What is that lace? How old is it? Has it been made by hand or machine? What would it have been used for? These are the types of questions that this practical guide sets out to answer. Lavishly illustrated, it shows you how to identify the sort of lace that you might find hiding away in drawers and cupboards, or buy at a vintage textile fair. It deals predominantly with the hand-made and machine laces of the nineteenth and twentieth centuries. Topics covered include: an introductory survey of the different types of lace, their history and construction; guidelines for a systematic approach to lace identification and advice on cleaning and storage; chapters on the different types of lace: bobbin lace, needlelace, craft laces such as crochet and tatting, machine lace and lace based on tapes and nets. There are exercises on distinguishing similar pieces of lace made using different techniques and there are illustrations of how lace has been used and of some of the tools used in the making. Written by experienced lacemakers, Gilian Dye and Jean Leader, it presents items from their own collections to illuminate and inspire others who wish to know more about this fascinating textile. Lace Identification is a complete guide to the beauty of this stitch craft, and will richly reward all those who study the treasures they may own.

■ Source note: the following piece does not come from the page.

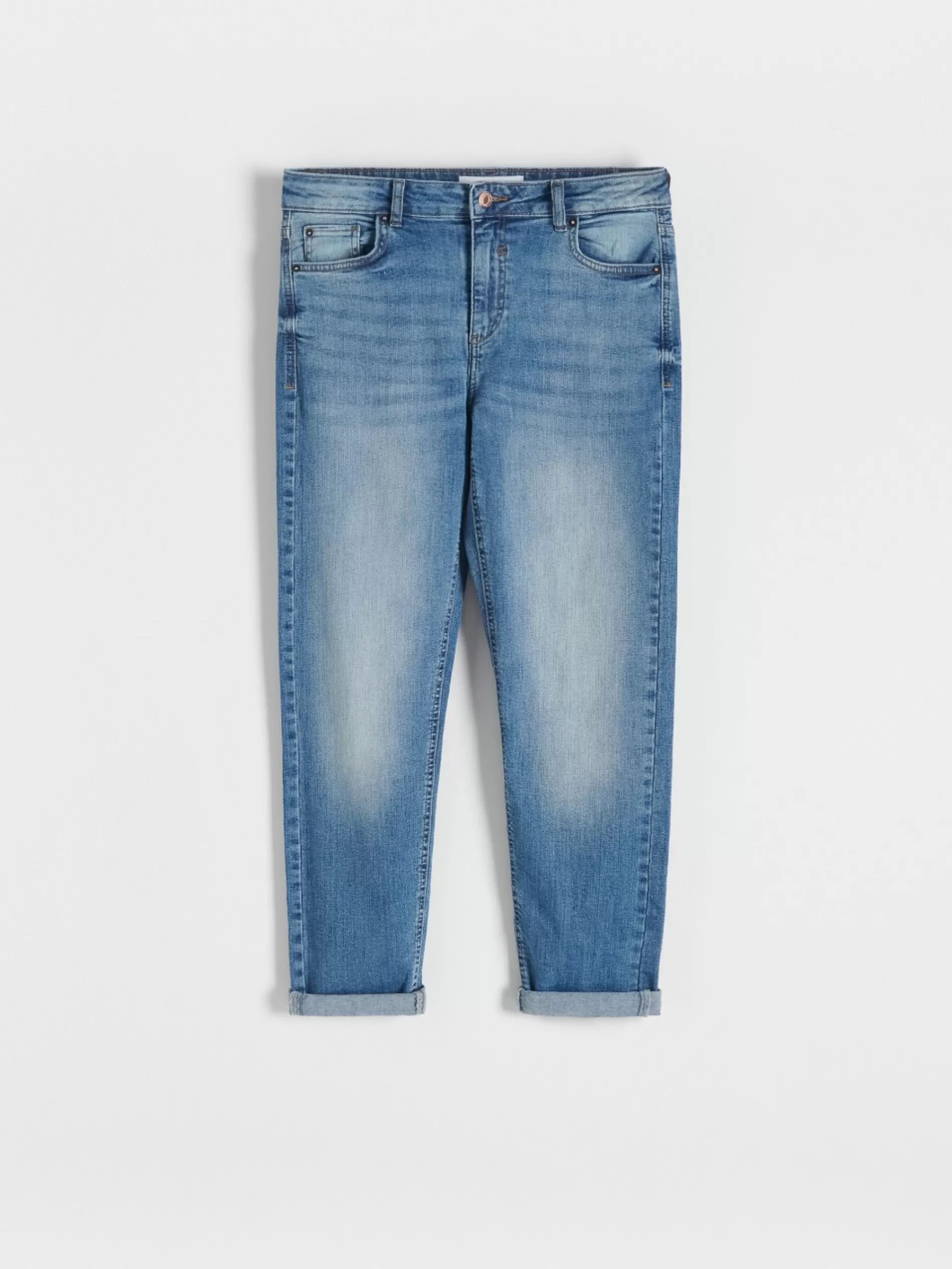 Jeansy Boyfriend Slim^RESERVED Flash Sale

Lace Identification by Gilian Dye Jean Leader
About the author
Gilian Dye has been making and teaching lace since the 1970s. She has been an active member of the British Lace Guild since its early years and was involved in establishing the Guild's lace collection as a registered museum. She has written books and articles on many aspects of lace, including a series on early lace, her particular interest and area of expertise. Jean Leader is a maker and teacher of lace, and the author of several books on lacemaking. She has contributed material on lace identification to a guide for textile curators in British museums, has produced a reference to different types of lace in the form of an iPhone app and, in addition to her personal website, has one dedicated to European laces.